> I've been following the comments of Roger Odisio and Rakesh Bhandari on the
> relations among the value of labor power, variable capital, and wages. The
> subject is a bit over my head, and so these comments have taken me a while
> to digest, but I'd like to recap them as best I can and then pose a few
> questions.
>
> Roger's view is that class struggle may enable workers to receive wages
> that are higher than the value of LP, and therefore > v. This means that
> even productive workers may receive a part of surplus value. And according
> to Roger, the working class *as a whole* receives a part of s in "advanced
> capitalist countries," so wages being > value of LP is not just an
> exceptional case.
>
> Now, as far as I know, Marx never puts it this way. But this may be so only
> because, in the works I have read, Marx analyzes cases where commodities,
> including LP, circulate at their value. Or it may be, as Roger suggests
> while discussing Ronald Meek, that this phenomenon only became widespread
> after Marx's death. ("If Marx were to come back, this is one of the first
> things he would notice, Meek said.") In any case, Roger's view seems a not
> unreasonable way of looking at things, of explaining why wages respond to
> class struggle.
Marx did discuss the realtionship between wages and the vlp in several ways, but, I agree, not to my knowledge in the way, and to the extent, I do. See, e.g., Value Price and Profit, a compilation of two speeches he gave in 1865, particularly Chap. XIII, where he discusses wage movements in response to changes in the vlp, due to, e.g., labor productivity changes. He says that if increased productivity reduces the vlp (because less labor is needed to produce given necesities) and wages do not drop correspondingly, labor would indeed capture some surplus value: "If the working man should resist that reduction of relative wages, he would only try to get some share in the increased productive powers of his own labor".
But Marx did not discuss at any length the implications of wage deviations from the vlp, as I have, for at least the reasons you give. In fact, if you look at the second counteracting influence to the FROP that Marx mentions in vol.3 of Capital--depression of wages below the value of labor power--you will see the germ of both of your reasons. Here it is:
" This is mentioned here only empirically, since, like many other things which might be enumerated, it has nothing to do with the general analysis of capital, but belongs in an analysis of competition, which is not presented in this work. However, it is one of the most important factors checking the tendency of the rate of profit to fall."

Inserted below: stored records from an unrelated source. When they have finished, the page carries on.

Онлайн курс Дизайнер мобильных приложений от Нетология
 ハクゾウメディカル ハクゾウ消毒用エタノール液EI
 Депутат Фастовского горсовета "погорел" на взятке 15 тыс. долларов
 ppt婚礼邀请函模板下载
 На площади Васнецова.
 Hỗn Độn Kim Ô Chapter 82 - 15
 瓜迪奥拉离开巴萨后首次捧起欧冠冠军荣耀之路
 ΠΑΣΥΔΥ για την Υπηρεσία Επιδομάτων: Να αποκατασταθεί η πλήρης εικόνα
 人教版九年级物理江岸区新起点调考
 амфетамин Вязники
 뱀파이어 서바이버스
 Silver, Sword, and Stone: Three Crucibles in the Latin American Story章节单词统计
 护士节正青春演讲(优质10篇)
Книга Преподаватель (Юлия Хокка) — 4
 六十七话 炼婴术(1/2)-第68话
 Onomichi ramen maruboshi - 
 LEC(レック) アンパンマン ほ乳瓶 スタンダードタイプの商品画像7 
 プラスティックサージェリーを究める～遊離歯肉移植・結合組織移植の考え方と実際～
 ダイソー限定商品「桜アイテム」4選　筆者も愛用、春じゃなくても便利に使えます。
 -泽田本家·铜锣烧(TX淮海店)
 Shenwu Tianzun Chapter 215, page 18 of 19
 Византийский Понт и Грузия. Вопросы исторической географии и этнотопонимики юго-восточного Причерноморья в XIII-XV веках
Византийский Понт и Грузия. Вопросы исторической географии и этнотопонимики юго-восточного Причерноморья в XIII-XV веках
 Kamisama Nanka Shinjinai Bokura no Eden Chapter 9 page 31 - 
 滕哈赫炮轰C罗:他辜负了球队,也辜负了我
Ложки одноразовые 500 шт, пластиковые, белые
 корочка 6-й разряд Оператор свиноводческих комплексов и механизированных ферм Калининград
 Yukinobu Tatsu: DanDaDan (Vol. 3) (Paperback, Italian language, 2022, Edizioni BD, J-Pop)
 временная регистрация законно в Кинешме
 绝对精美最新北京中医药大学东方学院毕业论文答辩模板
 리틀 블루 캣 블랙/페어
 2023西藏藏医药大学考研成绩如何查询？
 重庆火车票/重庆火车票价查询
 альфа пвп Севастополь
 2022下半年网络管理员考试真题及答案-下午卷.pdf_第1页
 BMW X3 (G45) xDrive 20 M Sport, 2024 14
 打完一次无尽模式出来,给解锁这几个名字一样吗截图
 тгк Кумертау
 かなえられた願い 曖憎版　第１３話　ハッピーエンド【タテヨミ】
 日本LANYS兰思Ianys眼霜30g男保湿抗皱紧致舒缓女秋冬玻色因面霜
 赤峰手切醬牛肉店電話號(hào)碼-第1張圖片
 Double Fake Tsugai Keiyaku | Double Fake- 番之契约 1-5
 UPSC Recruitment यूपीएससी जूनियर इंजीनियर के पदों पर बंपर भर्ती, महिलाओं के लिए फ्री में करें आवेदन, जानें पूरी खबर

When Marx says it is not presented in the 3 volumes, but belongs in an analysis of competition, he makes your first point. Capital is about values not prices. So Marx doesn't talk about how wages deviate from v. He will, of course talk at times about wages, but not to make this point. Invariably when discussing wages he uses the simplifying assumption of wages = v, to allow him, for example, to make a point in terms of things people can see, like wages, rather than in terms of underlying values which are not directly observable. As he does in Value, Price, and Profit. But this passage in Capital shows that he understood that wages did deviate from v and it was an important effect. In fact, he calls it one of the most important factors affecting the tendency for FROP.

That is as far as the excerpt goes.